Public markets are shrinking, with the number of publicly traded companies declining by more than 40% over a 25 year period.* This has resulted in investors chasing a shrinking number of investment opportunities across traditional asset classes. In addition, private companies are playing an increasingly important role in today's economy, representing significant growth potential. Dedicating some portion of a portfolio to alternatives could help you take advantage of this growth potential.
Alternative investments can provide access to strategies that traditional asset classes, such as stocks and bonds, or traditional "buy-and-hold" strategies, cannot, making them more appealing to sophisticated investors. Alternatives typically have a low correlation to traditional assets, meaning that they tend to respond differently to various market conditions, which can improve a portfolio's diversification and help with risk management. For example, some strategies, such as middle market direct lending or real assets, may be better able to weather economic conditions, such as inflation, than traditional assets. In addition, although some alternative investments may sometimes come with higher risk than traditional investments , they may also offer higher return potential.
*Source: World Bank—World Federation of Exchanges, 2022. -
What is the difference between liquid, intermittent and illiquid alternatives?

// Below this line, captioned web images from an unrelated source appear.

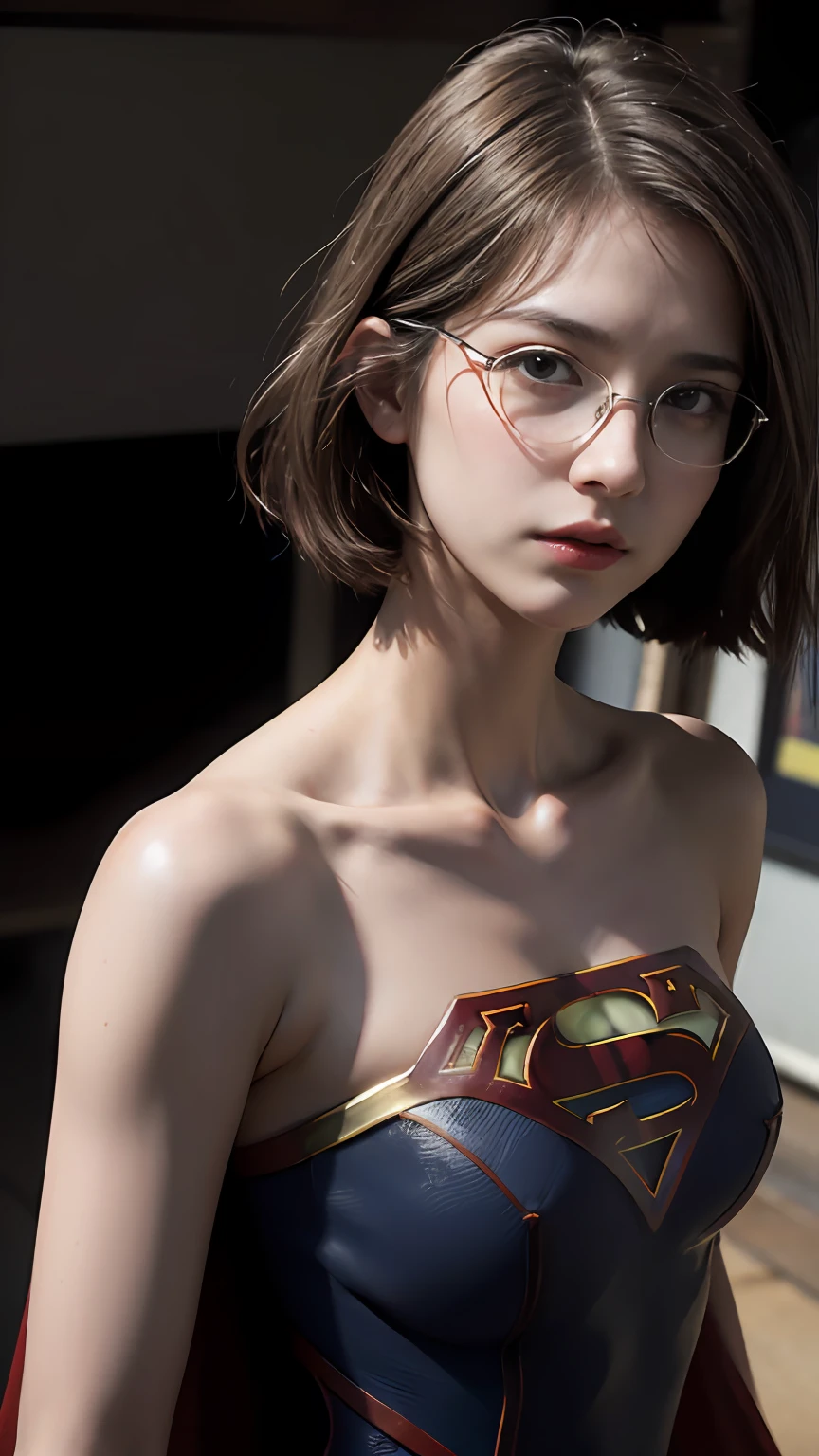 (((beauty in glasses, European appearance, in full height, in the artist's clothes))) ((((Sad, Sad)))), (((hair light, European Eye Shape))), Average Breasts, Short hair, Bob haircut, ((in the garage, Paints, Tassels, canvas, Unfinished paintings))), 8K, Best Quality, real picture, intricate details, Ultra-detailed, ultra highres, depth field, (Photorealistic, Realistic:1.2), Masterpiece, (supergirl), superhero, Best Quality, Realistic, Photorealistic, (intricate details:1.2), (delicate detailed), (cinematiclight), sharp-focus, realistic face, Detailed Face, wallpapers
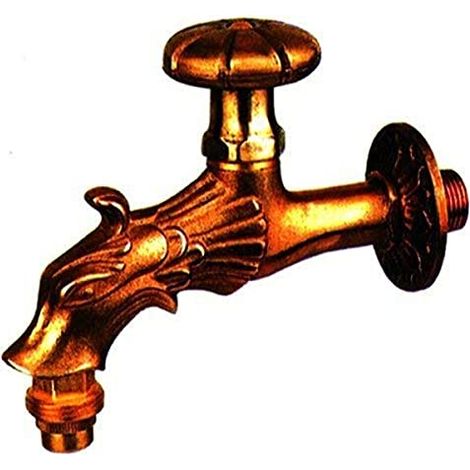 Rubinetto Artistico In Ottone A Vitone Oro Anticato attacco M 1/2" (1/2)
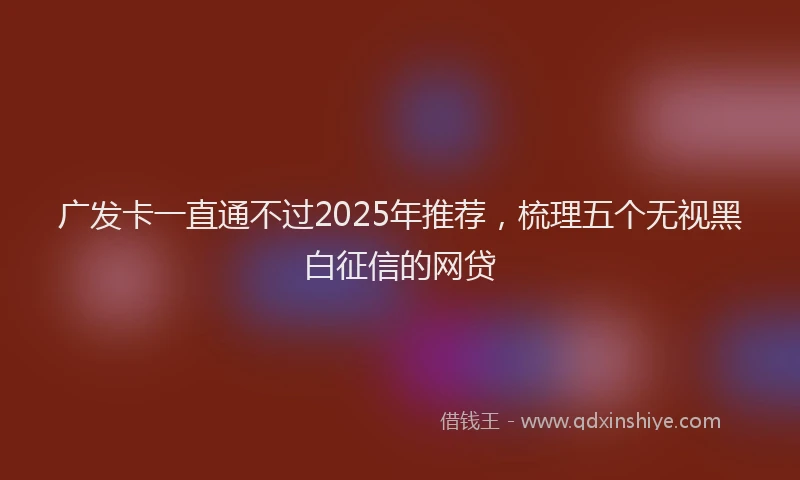 广发卡一直通不过2025年推荐，梳理五个无视黑白征信的网贷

Liquidity refers to how easily an investment can be sold. Alternative investments are offered in a range of liquidity levels, in which the ability to sell or redeem an investment can be limited. The liquidity of an investment can be considered across two dimensions—the liquidity of the fund (i.e., ability to sell) and the liquidity of the underlying assets within the fund. It is important for you to understand a fund’s liquidity terms and risks before investing.
- Liquid alternatives
Liquid alternatives usually invest in securities that primarily trade in public markets. Structured as ETFs and mutual funds, they are valued on a daily basis and can be sold at your discretion based on the current NAV or market price. - Intermittent liquidity alternatives
These types of funds may offer share repurchase programs that allow you to redeem a portion of your investment, often known as "tender windows" or "repurchase periods." The key differentiator of intermittently liquid funds is that investors typically can only sell their shares back to the fund periodically, on a specified redemption schedule and only at specified intervals. However, in exchange for limited liquidity, these funds may offer the potential for higher returns. This is referred to as an "illiquidity premium." - Illiquid alternatives
These funds invest in assets through private market transactions. Illiquid funds may also be subject to a "lock-up period," during which time the investment cannot be sold, often for a period of many years. However, in exchange for tying up capital for longer periods of time, illiquid alternatives typically offer the potential for higher returns. This is referred to as an "illiquidity premium."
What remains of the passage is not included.